Rokia Traore en concert à Bamako

Simple et zen

C'est à Bamako, au Mali, que Rokia Traore a présenté en exclusivité son quatrième album Tchamantché lors d'un concert qui affichait complet. L'occasion pour la chanteuse franco-malienne de retrouvailles avec le public de son cœur, une manière aussi de se replonger dans ses racines africaines.

Six caméras, plusieurs chaînes de télévision internationales, la salle de concert du Blonba avait des allures de croisette.
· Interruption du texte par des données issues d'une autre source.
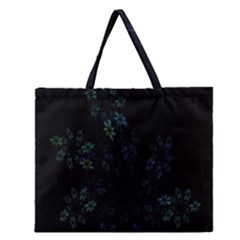 Fractal Pattern Black Background Zipper Large Tote Bag by Simbadda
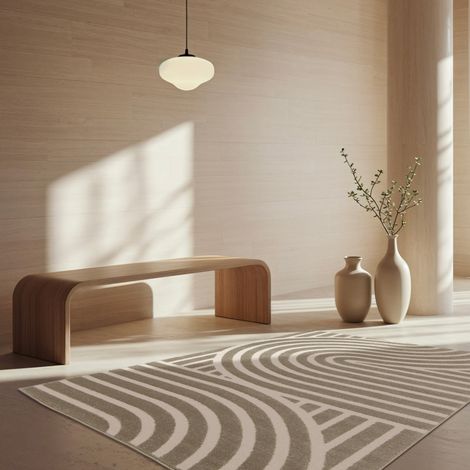 Tapis intérieur motif graphique taupe - Enzo 160 x 230 cm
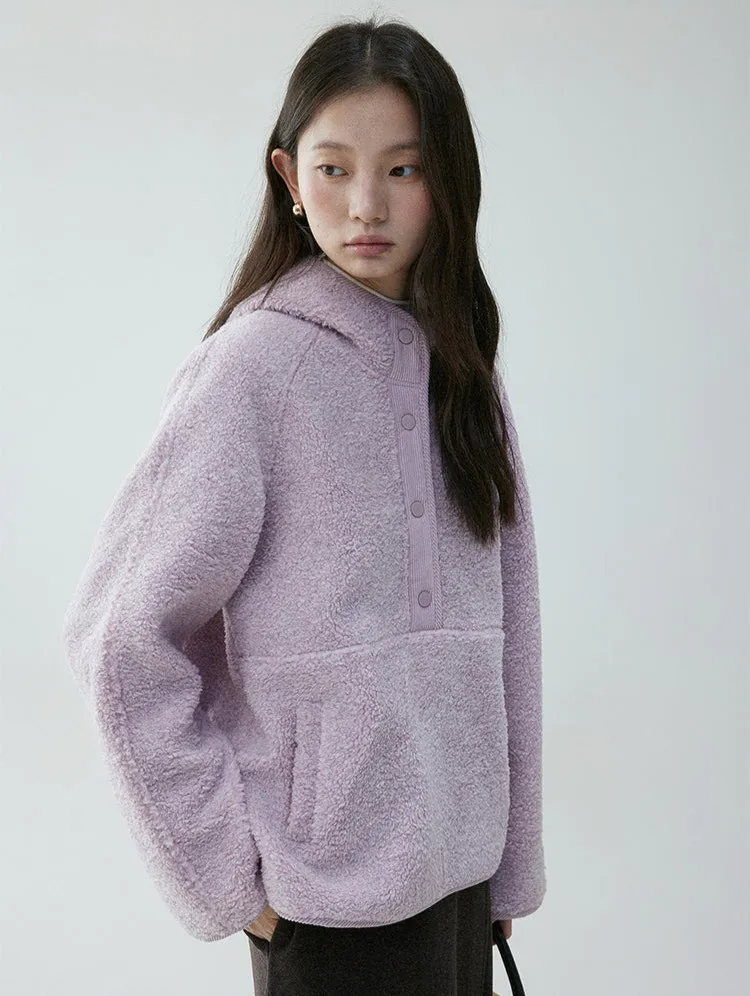 Shearling High Collar Half Button Sweater
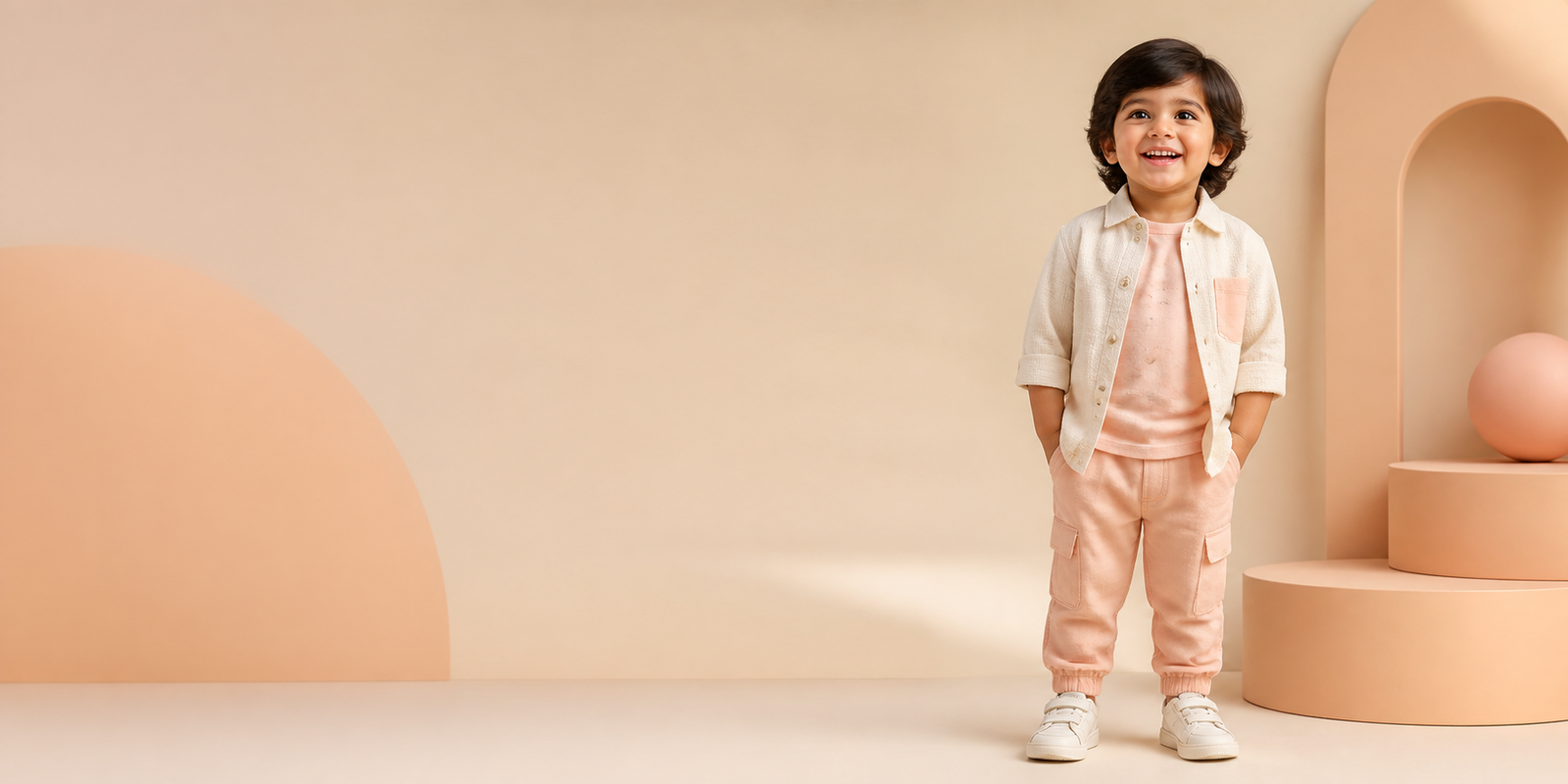 Child wearing a premium peach Salty Pumpkin outfit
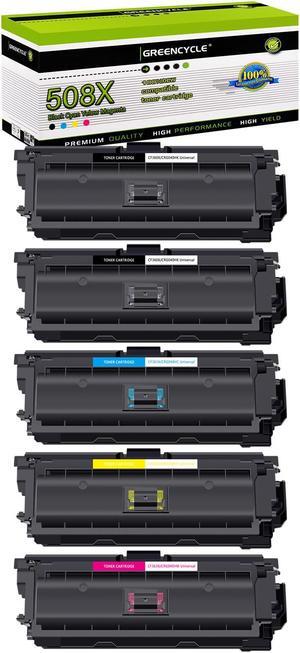 greencycle 5 Pack Toner Cartridge Compatible for HP 508X CF360X CF361X CF362X CF363X Toner Works on M577c M577z M577f M552dn M553dn M553n Printer (2 Black 1 Cyan 1 Yellow 1 Magenta)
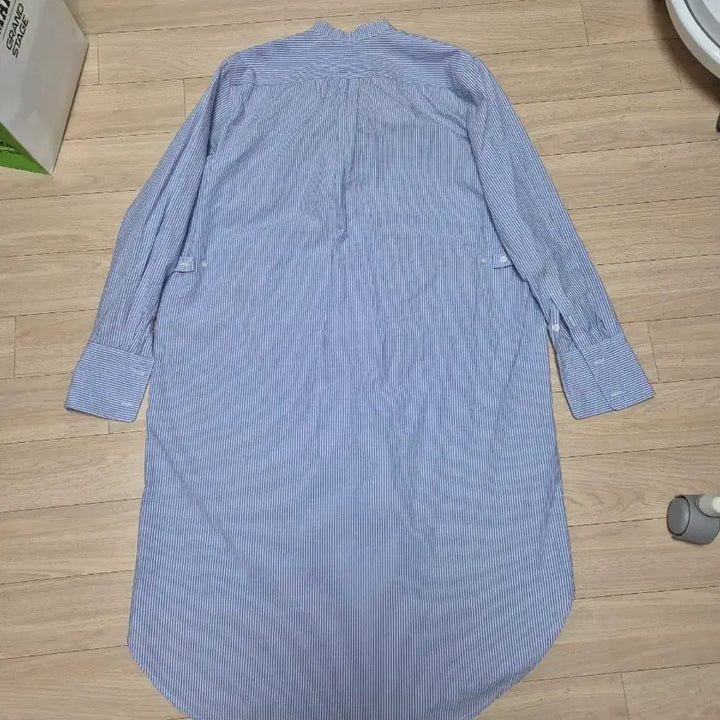 [BUNJANG] Hacer Blue Stripe Long Shirt Dress / Hacer 블루 스트라이프 롱 셔츠 원피스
La star, c'était elle, Rokia Traore, l'enfant du pays, attendue depuis deux ans à Bamako. Rokia n'est pas une griotte mais elle en a sans doute la voix et la mémoire.

"A chaque nouvel album, je commence ma tournée par le Mali, c'est une manière d'être reconnaissante envers mon pays d'origine, même si je suis française. C'est une volonté aussi de retrouver mes racines africaines".

Si Rokia Traore est une star en France, elle est une chanteuse parmi tant d'autres au Mali. Et c'est parce qu'elle le sait qu'elle n'en rajoute pas. "Je suis zen", dit-elle dans un des titres phares de son dernier album, Tchamantché, qui signifie "le point d'équilibre" en langue bamanan. Et c'est peut-être pour ça qu'elle est toujours sensible, comme une débutante, aux attentions des autres et des Maliens en particulier. "Je suis très touchée lorsqu'on me reconnaît dans la rue à Bamako. Tous ces gestes d'amitiés, c'est très touchant", dit-elle avec la satisfaction de la star qui a su rester accessible.

Lorsqu'elle rentre en scène donc, après quelques jours passés chez les uns et les autres à boire le thé, à manger le riz en sauce ou à flâner dans le jardin encore en friche de sa villa en construction, c'est une Rokia Traore détendue, malgré les traits fatigués, qui salue son public. Un public qui n'a pas toujours été tendre avec elle : "On a souvent dit ici que j'étais une toubab, parce que je ne respectais pas les codes de la chanson malienne". C'est une star au style plutôt sobre donc, qui s'avance avec un large sourire, guitare à la main, seule d'abord, vers le micro central.

Entre Afrique et Occident

En face, debout, silencieux dans un premier temps, beaucoup de jeunes femmes maliennes, au style simple comme elle, beaucoup d'expatriés aussi, de France et des Etats-Unis et beaucoup d'enfants. Rokia Traore oscille entre l'Occident et l'Afrique, entre le passé et l'instant d'après. Devant ce public exigeant, pas encore tout à fait conquis, elle arbore son allure un peu garçonne, volontairement épurée, à l'image de ses cheveux coupés ras. Pas de bijoux, pas de talons, juste une touche de maquillage pour donner un peu de rondeur à son visage creusé par l'enchaînement des tournées mondiales. "Je n'aime pas être photographiée par surprise, avoue-t-elle, j'aime me maquiller un peu avant".

Rokia Traore, la fille du diplomate malien, a conservé de son éducation une certaine classe. Une pudeur aussi, toute paternelle, qui rompt avec la tradition griotte, lorsque les conteuses maliennes, engoncées dans des robes en bogolan brillant, se transforment en actrices felliniennes. Rokia n'est plus de cette génération, elle arrive sur scène, tout simplement vêtue, comme si elle vous recevait chez elle. Chez elle, c'est un mari, Thomas Weill, son agent et producteur qui ne la quitte pas des yeux, lorsqu'elle monte sur scène devant la salle comble. Lorsqu'il s'éclipse, c'est pour donner un conseil de lumière ici, faire un signe discret au technicien du son là. Et pendant ce temps, Rokia Traore enchaîne les titres : Aimer, Koronoko, Tounka…en français, en bambara, en anglais, sous les vivats d'un public conquis désormais et qui danse comme elle, pendant qu'elle passe de la lumière à l'obscurité, du rythme à l'immobilité.

Encore mieux en live

Rokia Traore sourit, virevolte, au milieu de fans montés sur l'estrade puis elle reprend son souffle, toujours en équilibre, comme l'oiseau frêle sur une branche, Tchamantché. Elle s'accroche enfin au regard de ses musiciens lorsque dans la lumière tamisée d'une nuit forcément blues, elle reprend avec sa voix grave et cristalline le titre de Billie Holiday The man I love.

"Rokia pour moi, c'est la meilleure d'entre nous, elle sait tout faire, complimente un jeune bamakois qui n'a jamais raté un seul de ses concerts au Mali. Elle a la plus belle voix d'Afrique et elle danse tellement bien. Rokia Traore, c'est encore mieux en live !". Voilà, sans doute, le plus beau compliment que l'on peut faire à cette artiste en quête de vérité.